Tests to determine the stress-strain properties of epoxy adhesive under tensile loading were carried out according to the international standards ISO 527–1:2012 (E) and ISO 527–2:2012 (E)(ISO 527-1:2012(E), 2012; ISO 527-2:2012(E), 2012). According to these standards, bulk specimens of type 1B with the shape and dimensions illustrated in Fig. 2 were used. Tensile tests were conducted at RT, 40 °C, and 80 °C using the Shimadzu AGS-X plus 300 kN material testing machine (Shimadzu Co., Ltd.,Kyoto, Japan) equipped with a TCE-N300 heat chamber. A load cell of 1kN was used to perform the experiments. The tensile properties of LOCTITE® EA 9455 adhesive at different temperatures were determined in a previous study (Boutar et al., 2023).

Fig. 2: Bulk EA 9455 adhesive tensile testing geometry (dimensions in mm).
Fig. 2: Bulk EA 9455 adhesive tensile testing geometry (dimensions in mm).

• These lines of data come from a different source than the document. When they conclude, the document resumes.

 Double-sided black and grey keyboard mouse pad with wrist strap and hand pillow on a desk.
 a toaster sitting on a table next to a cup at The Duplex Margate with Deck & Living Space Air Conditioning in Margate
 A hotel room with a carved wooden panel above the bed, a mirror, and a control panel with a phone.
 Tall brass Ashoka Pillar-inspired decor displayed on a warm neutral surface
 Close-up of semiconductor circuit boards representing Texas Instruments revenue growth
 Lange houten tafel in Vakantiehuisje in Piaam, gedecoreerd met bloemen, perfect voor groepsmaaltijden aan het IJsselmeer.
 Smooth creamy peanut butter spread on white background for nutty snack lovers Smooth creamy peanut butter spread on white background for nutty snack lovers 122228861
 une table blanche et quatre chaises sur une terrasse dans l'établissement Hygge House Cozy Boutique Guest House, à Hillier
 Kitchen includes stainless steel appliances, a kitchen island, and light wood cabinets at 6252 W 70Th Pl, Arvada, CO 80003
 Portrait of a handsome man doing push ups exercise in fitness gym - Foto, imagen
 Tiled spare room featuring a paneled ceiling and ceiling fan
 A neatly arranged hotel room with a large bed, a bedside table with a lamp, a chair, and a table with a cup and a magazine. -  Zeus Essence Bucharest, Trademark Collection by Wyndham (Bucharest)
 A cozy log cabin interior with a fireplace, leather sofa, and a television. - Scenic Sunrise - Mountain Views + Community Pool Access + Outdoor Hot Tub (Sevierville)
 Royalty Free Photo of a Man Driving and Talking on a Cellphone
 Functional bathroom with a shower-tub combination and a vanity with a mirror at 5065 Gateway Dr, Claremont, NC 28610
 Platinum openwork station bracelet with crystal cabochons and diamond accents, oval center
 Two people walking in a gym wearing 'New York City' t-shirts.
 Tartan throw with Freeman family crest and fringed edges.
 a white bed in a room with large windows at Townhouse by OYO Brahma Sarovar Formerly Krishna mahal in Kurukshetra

2.3. Glass surface characterization

A UV lamp can identify the tin-side of the float glass pane, as described by ASTM D3891 − 08 (ASTM D3891 − 08 (Reapproved 2019), 2019). Consequently, a tin-side detector Apotek TS580 (Beijing Apotek Scientific Co., Ltd., China) was employed to differentiate between surfaces for float and low-iron glasses. Additionally, to assess the tin- and air-side of both glass types of surfaces, the specimens' wetting characteristics were identified according to ASTM D 7334–08 (ASTM D 7334-08, 2008) by sessile drop methods using the Theta Lite Optical Tensiometer (Biolin Scientific, Finland), capturing the silhouette of a droplet outline (Boutar et al., 2023). Attension software employing the Young-Laplace-fit method (Liu & Cao, 2016) was used for the evaluation of the water contact angle (WCA) from the images. On each side of three glass samples (50 x 50 × 19 mm3) for each glass type, automatically 10 sessile drops of deionised water were evaluated after a deep cleaning using isopropyl alcohol. The standard deviations of these measurements were less than 2°. Drop vibrations were prevented, drop volume had to remain stable (3 μl), and fast measurement (10 s) minimized liquid evaporation.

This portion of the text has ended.